[Opening Records to use section]
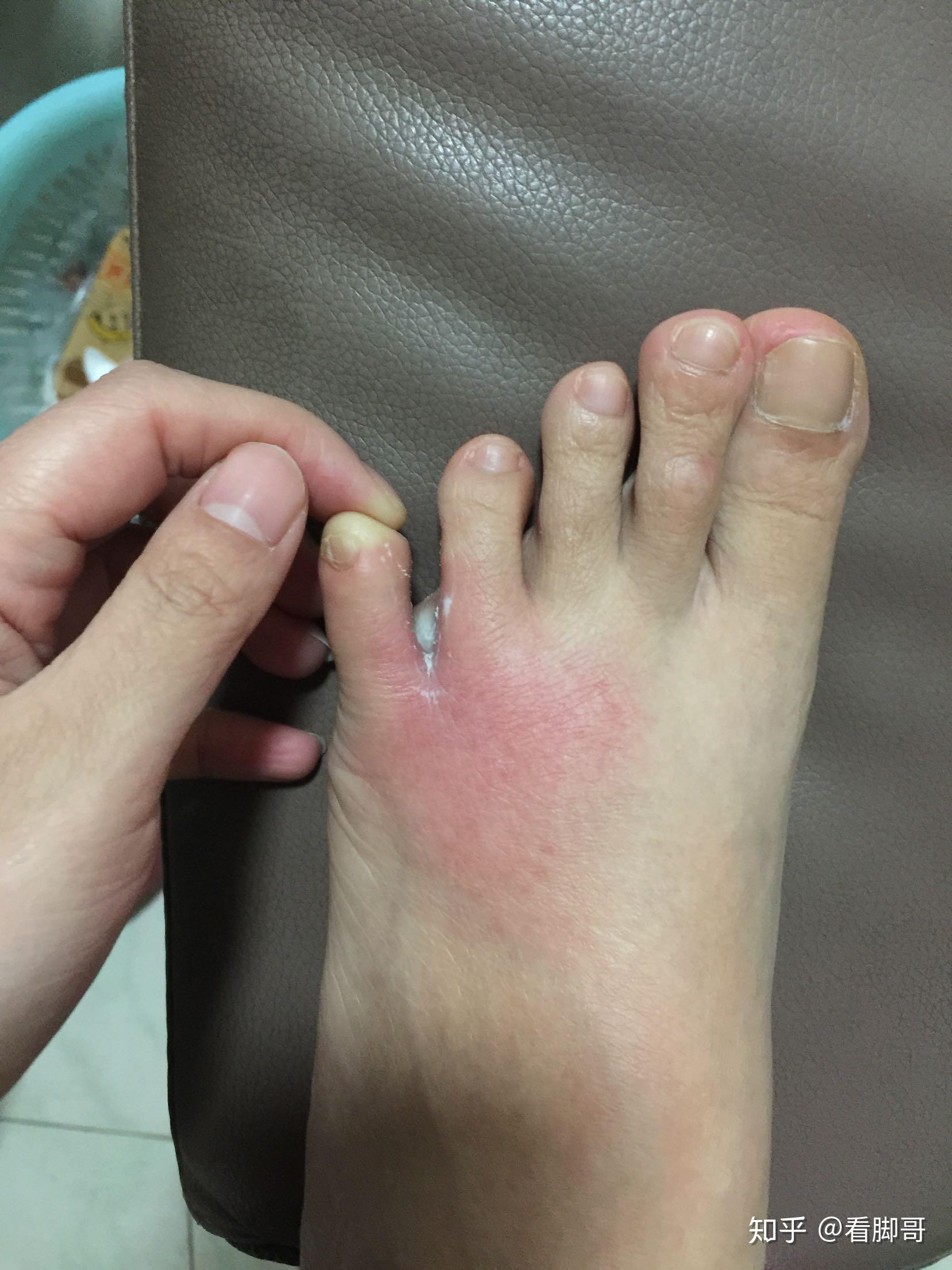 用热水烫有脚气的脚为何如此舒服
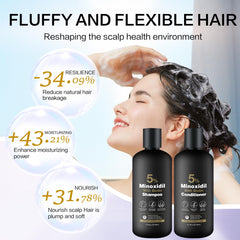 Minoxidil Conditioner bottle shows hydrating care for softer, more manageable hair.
[Closing Records to use section]
[Opening Records to use section]
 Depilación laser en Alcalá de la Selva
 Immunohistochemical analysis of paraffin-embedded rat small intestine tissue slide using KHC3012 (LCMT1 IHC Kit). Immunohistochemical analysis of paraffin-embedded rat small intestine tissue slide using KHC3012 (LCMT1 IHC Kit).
[Closing Records to use section]
[Opening Records to use section]
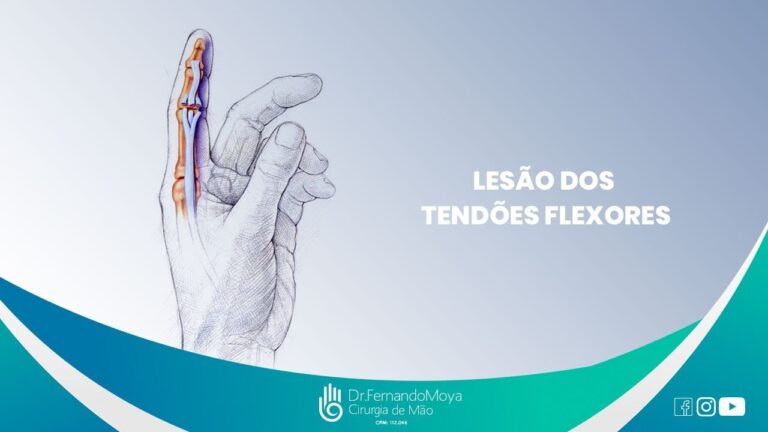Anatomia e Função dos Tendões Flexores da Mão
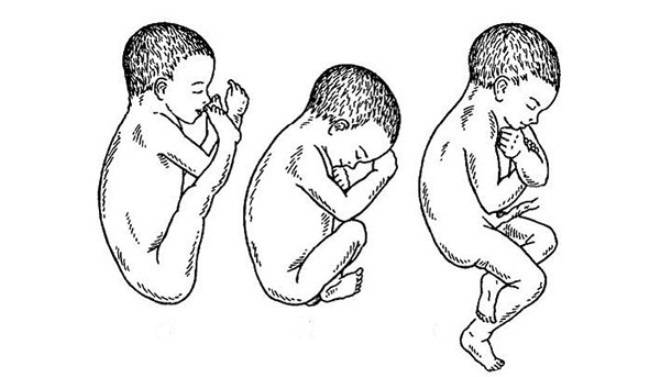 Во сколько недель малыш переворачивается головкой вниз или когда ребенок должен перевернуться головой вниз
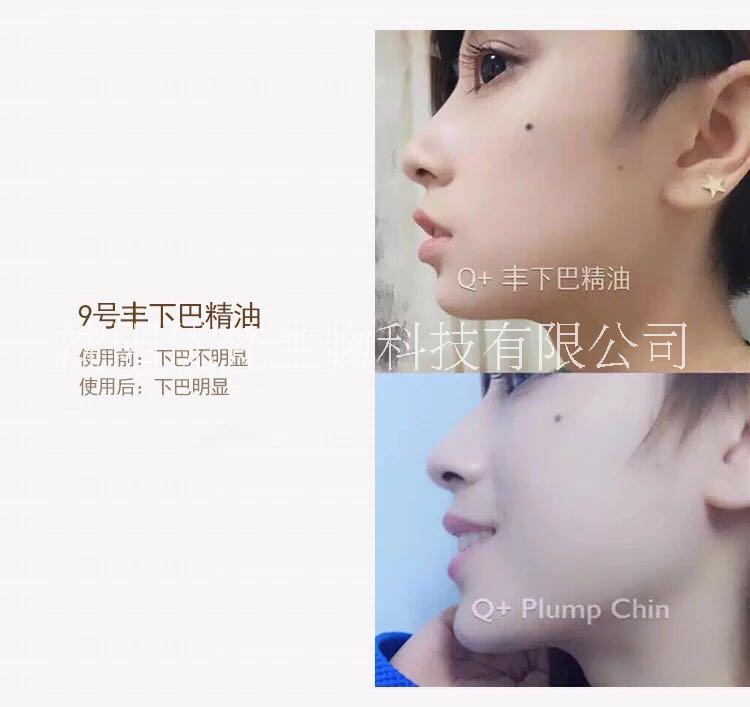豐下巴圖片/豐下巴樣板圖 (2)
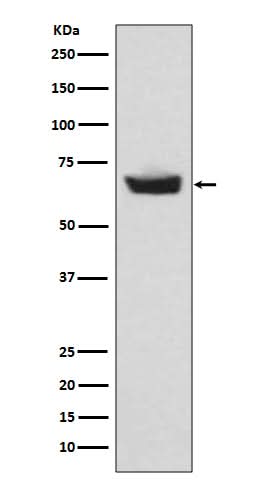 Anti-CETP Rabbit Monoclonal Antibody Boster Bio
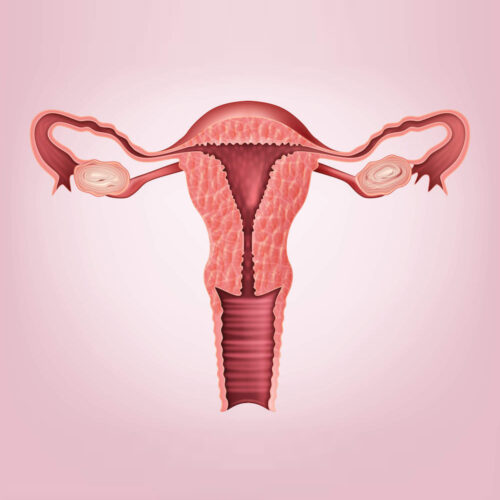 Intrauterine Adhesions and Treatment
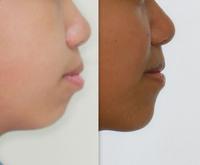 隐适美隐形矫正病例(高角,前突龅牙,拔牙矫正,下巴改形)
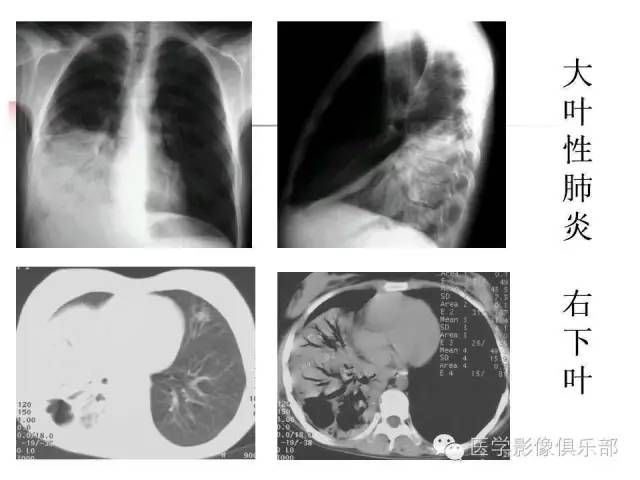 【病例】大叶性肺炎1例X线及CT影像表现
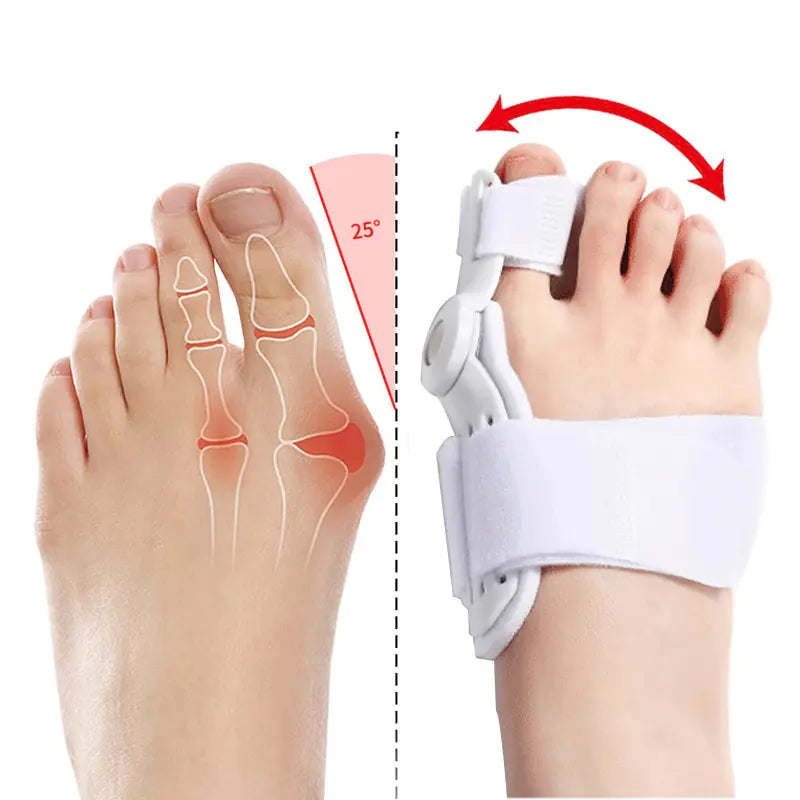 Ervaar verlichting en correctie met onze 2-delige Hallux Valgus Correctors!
[Closing Records to use section]
Print from the line containing "隐适美隐形矫正病例(高角,前突龅牙,拔牙矫正,下巴改形)" through the line containing "Ervaar verlichting en" in the data above, exactly as the lines stand, and omit every picture.

Task answer:
 隐适美隐形矫正病例(高角,前突龅牙,拔牙矫正,下巴改形)
 【病例】大叶性肺炎1例X线及CT影像表现
 Ervaar verlichting en correctie met onze 2-delige Hallux Valgus Correctors!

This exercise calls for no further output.